7 Eylül 2008 Pazar

Hikaye

Ben bu kalemi her elime alışımda

Mürekkebinden sen damlarsın…

Her seferde yeni beyaz sayfalar açarım, sarı sayfalar üstüne…

Tozlanmış mısralarda…

Tek bir çığlık, özlemin olmuştur…

Her sesin kıvrımında,

Her noktalı virgülün köşe başında

Sen varsındır…

Göz yaşlarımın kabarttığı sayfalarda…

Biçare tesellilerini okurum…

Çoğu acıtır, incitir beni…

Tutamaz kendimi, ağlarım…

Öyle nemli gözlerle değil…

Avuç dolusu, hıçkırıklarla…

Boğulurum sensizliğimde…

Aşkı dolu dizgin yaşatırsın bana…

Hayranlığım iki kere artar sana…


Aldattığın an’larda bile sevdiğini bilirim mesela…

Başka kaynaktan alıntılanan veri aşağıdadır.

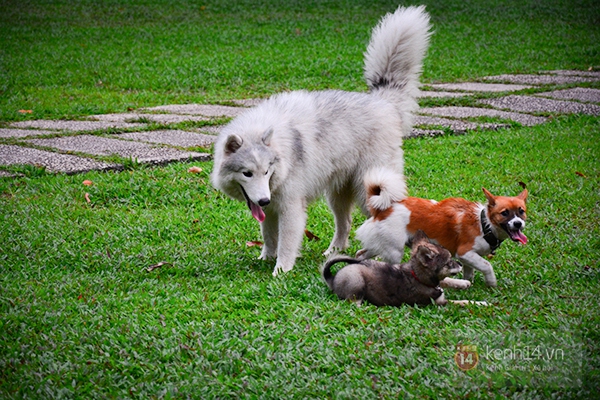 Hình ảnh "chó Pit bull cắn bị thương một chú chó to giữa phố Hà Nội" gây lo ngại 7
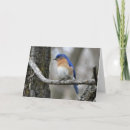 Search for bluebird birthday cards Animal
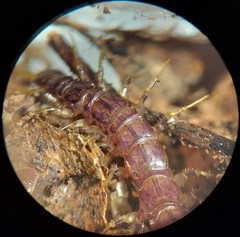 Zygethobius pontis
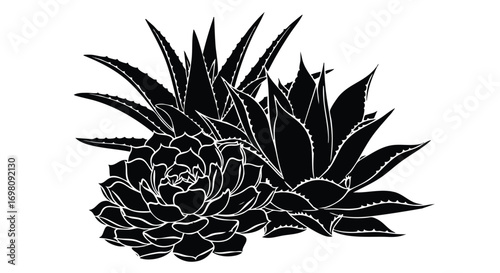 black and white succulent and aloe vera plant illustration.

Göz yumarım, ses çıkarmam, ben hep en çok sevenimdir, bilirim…

Zaman geçer, sen beni hep daha fazla seversin, ben hep sana daha çok bağlanırım…

Gözünden sakındığın kadarda incitirken sol yanımı…

Farkında olmadan aşkı küstürürsün …

Hayatın rengi değişir yavaştan…

Eski ritminden eser kalmaz zamanla…

Geceler daha uzun yaşanmaya başlar…

Gözler uykuya hasret, bedenler birbirinden ayrı…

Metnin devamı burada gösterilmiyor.